> **REQUIREMENT**:
Range to output from the entries below: the line containing "Photo 1/1 Rourou Chat perdu à Binic" through the line containing "Magnifique champ de". Set it down exactly, ends included, nothing else.
══ RECORD SET ══
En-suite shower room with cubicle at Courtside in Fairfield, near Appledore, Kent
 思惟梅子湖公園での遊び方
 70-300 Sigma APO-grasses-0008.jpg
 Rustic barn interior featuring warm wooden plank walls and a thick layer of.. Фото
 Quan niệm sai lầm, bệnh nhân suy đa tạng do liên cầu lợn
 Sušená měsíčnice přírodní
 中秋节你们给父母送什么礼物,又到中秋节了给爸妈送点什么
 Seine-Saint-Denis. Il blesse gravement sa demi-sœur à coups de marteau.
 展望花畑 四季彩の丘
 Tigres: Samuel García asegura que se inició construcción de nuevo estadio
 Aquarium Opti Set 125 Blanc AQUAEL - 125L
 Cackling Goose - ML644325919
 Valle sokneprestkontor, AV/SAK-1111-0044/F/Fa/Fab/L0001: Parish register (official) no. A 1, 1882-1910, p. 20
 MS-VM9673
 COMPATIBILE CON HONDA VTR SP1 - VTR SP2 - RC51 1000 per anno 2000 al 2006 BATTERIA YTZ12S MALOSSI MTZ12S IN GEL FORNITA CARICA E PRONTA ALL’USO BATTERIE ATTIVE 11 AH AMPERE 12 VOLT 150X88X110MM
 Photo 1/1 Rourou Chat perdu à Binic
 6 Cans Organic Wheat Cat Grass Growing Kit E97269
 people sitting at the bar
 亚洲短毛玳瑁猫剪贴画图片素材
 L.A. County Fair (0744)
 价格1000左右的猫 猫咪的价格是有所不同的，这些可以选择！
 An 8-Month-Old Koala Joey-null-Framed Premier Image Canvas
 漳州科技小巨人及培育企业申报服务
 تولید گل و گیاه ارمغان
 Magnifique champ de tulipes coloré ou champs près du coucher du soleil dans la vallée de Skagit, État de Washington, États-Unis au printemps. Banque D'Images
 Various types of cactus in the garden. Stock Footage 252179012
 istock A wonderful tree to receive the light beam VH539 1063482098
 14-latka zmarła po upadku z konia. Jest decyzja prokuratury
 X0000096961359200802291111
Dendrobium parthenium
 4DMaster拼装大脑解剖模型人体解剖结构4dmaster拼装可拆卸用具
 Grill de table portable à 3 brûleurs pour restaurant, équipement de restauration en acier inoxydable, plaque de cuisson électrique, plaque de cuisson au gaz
═══
> **RESULT OF THE EXERCISE**:
 Photo 1/1 Rourou Chat perdu à Binic
 6 Cans Organic Wheat Cat Grass Growing Kit E97269
 people sitting at the bar
 亚洲短毛玳瑁猫剪贴画图片素材
 L.A. County Fair (0744)
 价格1000左右的猫 猫咪的价格是有所不同的，这些可以选择！
 An 8-Month-Old Koala Joey-null-Framed Premier Image Canvas
 漳州科技小巨人及培育企业申报服务
 تولید گل و گیاه ارمغان
 Magnifique champ de tulipes coloré ou champs près du coucher du soleil dans la vallée de Skagit, État de Washington, États-Unis au printemps. Banque D'Images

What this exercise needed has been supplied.